The preceding description, gathered through genetic analysis alone, qualitatively agrees with known patterns of antigenic evolution in the HA gene. From 2000 to 2002, the virus population remained in the Sydney/97 antigenic cluster and evolved very little in antigenic phenotype, although continued to evolve in genotype . This pattern is corroborated by our finding of increasing diversity during this time period; antigenic change provides the fuel for selection among strains, and so without antigenic evolution we expect a build up of genetic diversity. In 2002, the Fujian/02 strain emerged from the tropics and effected a large jump in antigenic phenotype . This antigenically novel variant rapidly spread through the global influenza population, and through this rapid spread displaced genetic diversity during the course of 2002-2003. The period from 2004 to 2007 saw a large amount of antigenic change, first with the California/04 transition and later with more continuous, but rapid antigenic change, necessitating vaccine updates for Wisconsin/05 and Brisbane/07 . This pattern of sustained antigenic evolution agrees well with our observation of continuously low levels of genetic diversity.
The observed consistently low levels of diversity from 2004 to 2008 are indicative of continuous selection on the global influenza population. However, we caution that this result is only applicable at a fairly coarse temporal resolution. From simulation, it can be seen that if a selective events occur sufficiently close together, there will not be time for diversity to recover and thus the second selective event will remain to a large extent hidden (Figure 6).
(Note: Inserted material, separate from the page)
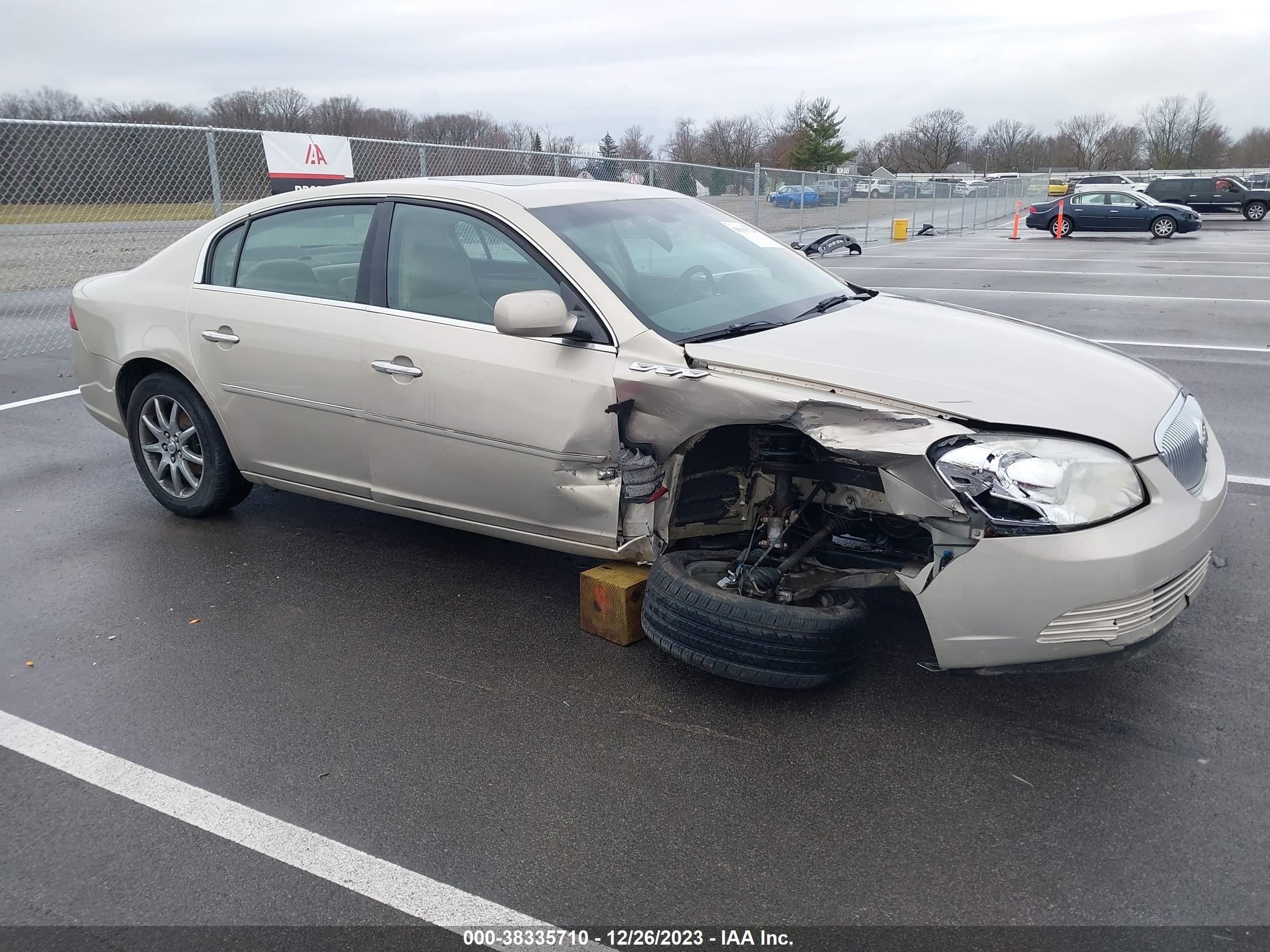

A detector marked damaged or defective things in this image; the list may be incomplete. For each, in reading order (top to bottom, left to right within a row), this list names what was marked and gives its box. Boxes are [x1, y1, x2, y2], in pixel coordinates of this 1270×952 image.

damaged buick lucerne [67, 175, 1223, 690]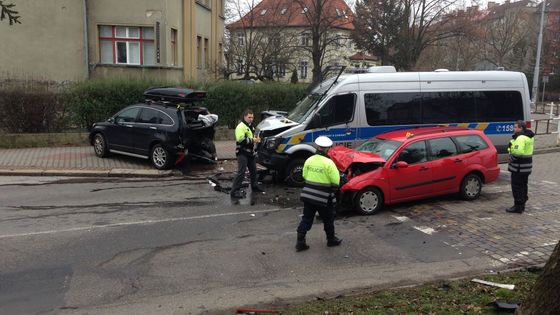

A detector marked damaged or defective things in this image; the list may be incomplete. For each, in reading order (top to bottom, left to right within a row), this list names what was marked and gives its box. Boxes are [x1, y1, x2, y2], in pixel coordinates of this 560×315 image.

crumpled car hood [328, 146, 384, 172]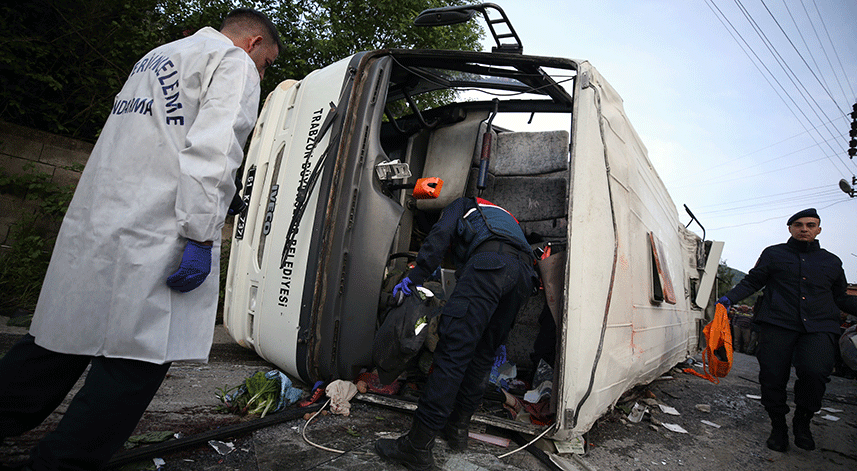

It is thus possible that our observations of continuously low diversity from 2004 to 2008 can be explained by relatively few selective events, perhaps close to 4 in the 4 year period. It is also, of course, possible for there to have been more than 4 such events during this time.
The Fujian/02 antigenic variant was first discovered in southeastern China. Consistent with this geographic origin, diversity within China and Southeast Asia begins to decline in early 2002, as opposed to the global decline observed in mid-2002. The vaccine strain Fujian/02 was not sampled until August 2002. Our analysis suggests that the original antigenic variant that effected the cluster transition first appeared significantly earlier. Generally, it may be possible that the relatively slow decline in diversity observed during 2002-2003 may be in part due to a spatially asynchronous global influenza population. In this case, a selective sweep will necessarily be constrained by waiting for migration events to spread the novel variant throughout the world .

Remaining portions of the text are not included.